Task item.
In the records below, the line with "شاهد.. الاحتلال يعتدي" opens the range and the line with "Marilyns Residential Resort" closes it; print that range exactly and nothing else.

The data.

- - -

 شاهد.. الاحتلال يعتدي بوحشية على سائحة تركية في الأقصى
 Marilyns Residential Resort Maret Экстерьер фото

- - -

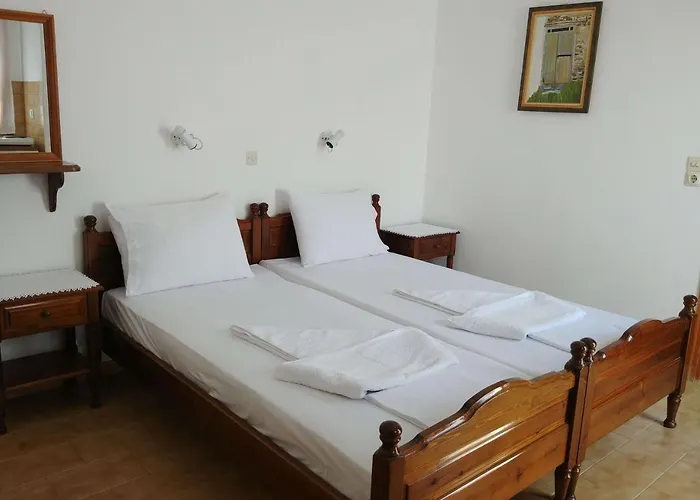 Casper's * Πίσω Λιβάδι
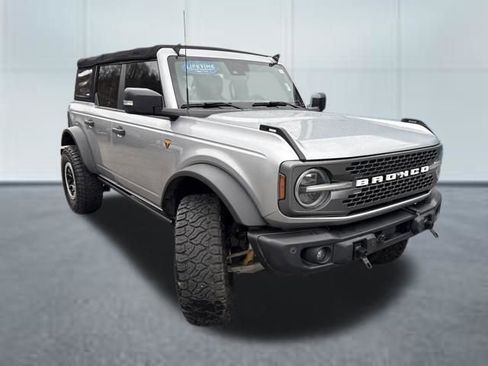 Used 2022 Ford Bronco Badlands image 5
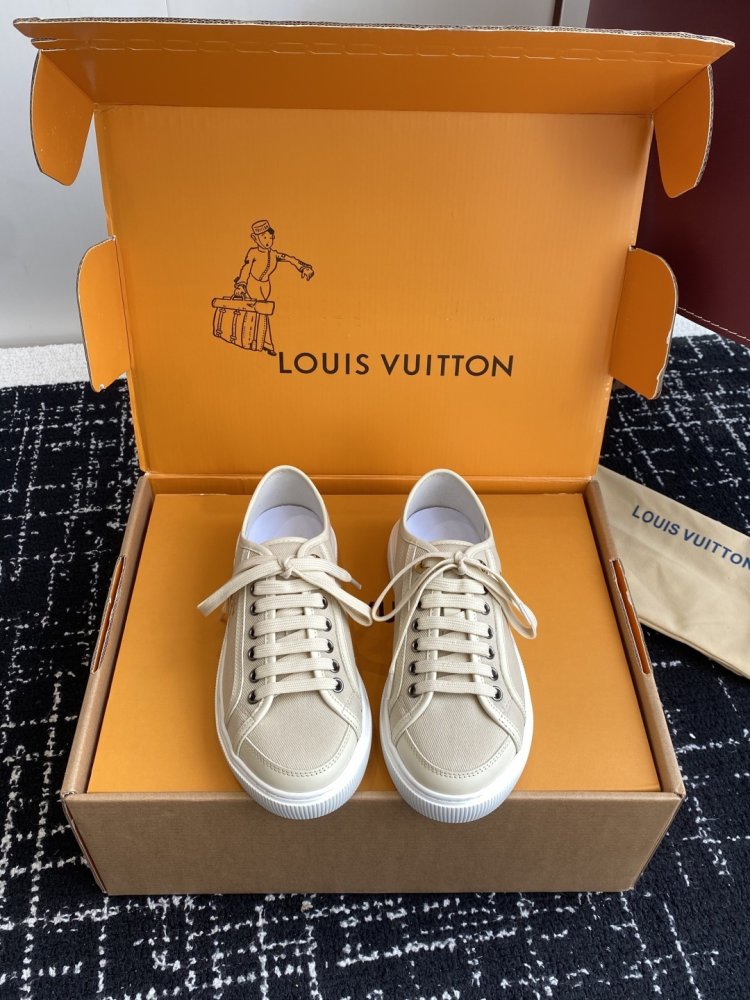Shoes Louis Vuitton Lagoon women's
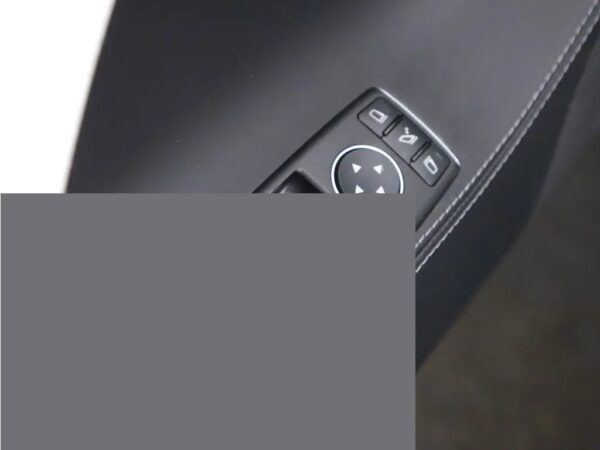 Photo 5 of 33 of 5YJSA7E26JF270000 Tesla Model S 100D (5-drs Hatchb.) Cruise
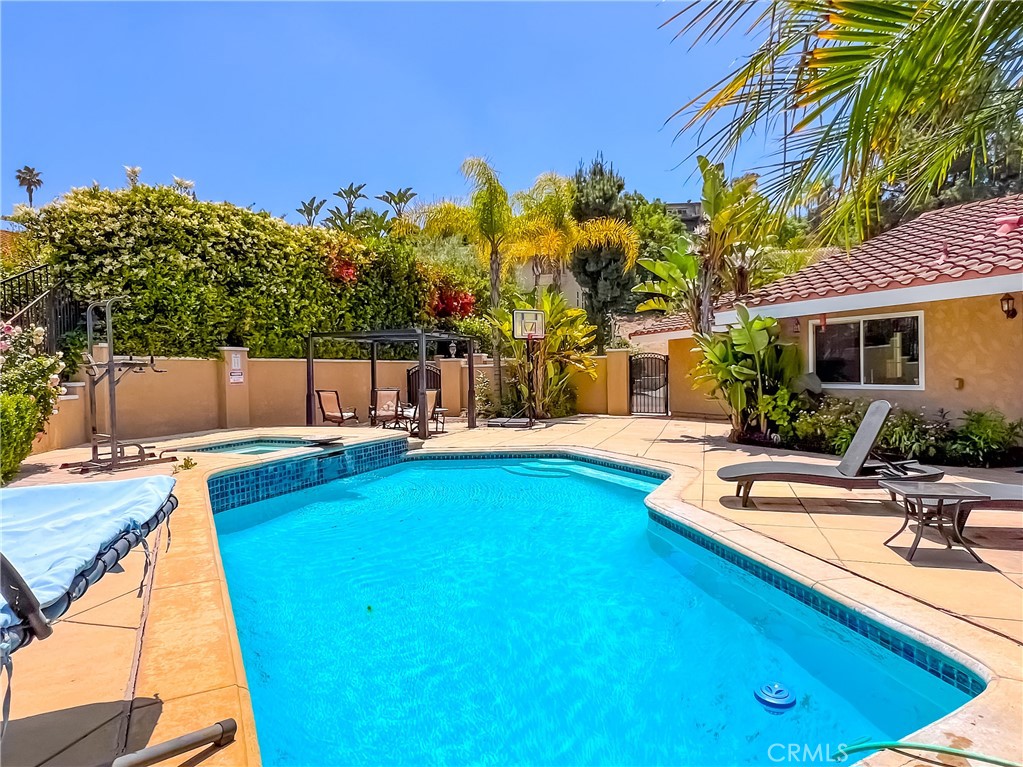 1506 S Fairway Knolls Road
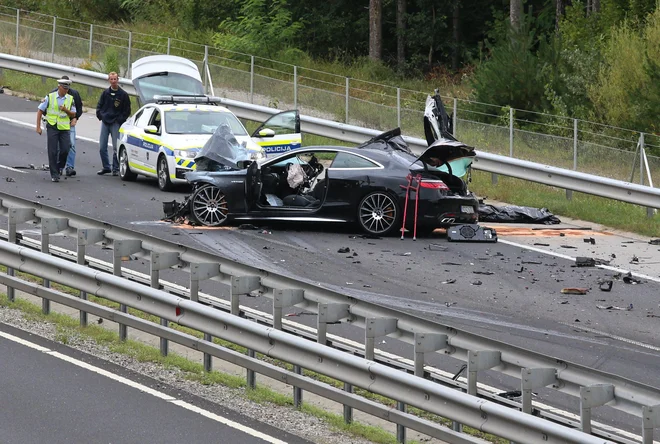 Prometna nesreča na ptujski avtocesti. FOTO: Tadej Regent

- - -

Answer area.
 شاهد.. الاحتلال يعتدي بوحشية على سائحة تركية في الأقصى
 Marilyns Residential Resort Maret Экстерьер фото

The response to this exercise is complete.